Illustration 14 – PEG valuation
In Peter Lynch’s book “One Up On Wall Street”, he mentioned that a PE ratio that is half of the growth rate is a bargain, PE that is equal to the growth rate is fairly priced, while PE that is double of growth rate is overly priced. In this case, we will try to check on the PEG based on different growth assumptions. We found that based on the 5-year CAGR at 78.5%, the PEG is only 0.18, which is undervalued. However, based on lack of information revealed by the management about the future growth, we think it is over-optimistic to think that the company is able to sustain their growth at 78.5% without the support of strong evidence or details, thus, this is known as the BEST case. In BASEcase scenario, we applied a reverse engineering from 0.5 PEG, we found that the current price is undervalued if the company is able to keep its earning growth at 29%. In WORST case, if the company’s earning growth is at 15%, the current price is fairly valued by the market.

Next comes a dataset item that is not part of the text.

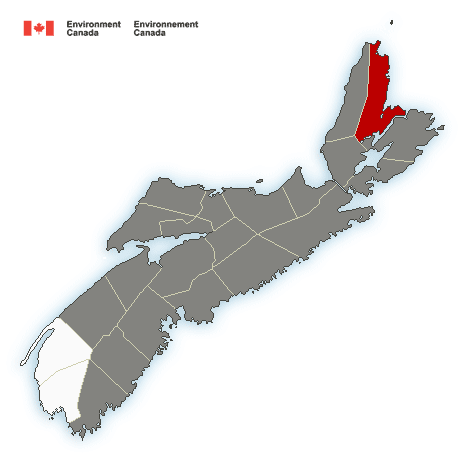Special weather statement in effect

To conclude this financial post, we find SOLUTN to be a company with good fundamental, which has low likelihood of facing any financial issue in near term, which further backed by its net cash position. In term of profitability, the company has shown remarkable net profit growth at 78.5% CAGR, which mainly contributed from domestic market. However, the cash flow of the company has not been consistent over the past 5 years. Apart from that, various efficiency ratios have also shown that the capability of the management in improving its operation efficiency and productivity. Finally, based on the PEG valuation approach, the company appears to be undervalued, but given the lack of information disclosed by the management, we do not like to be overly optimistic in their future growth, we would like to have clearer evidence to conclude the current valuation of the company.
By the time of writing, we are not vested in SOLUTN.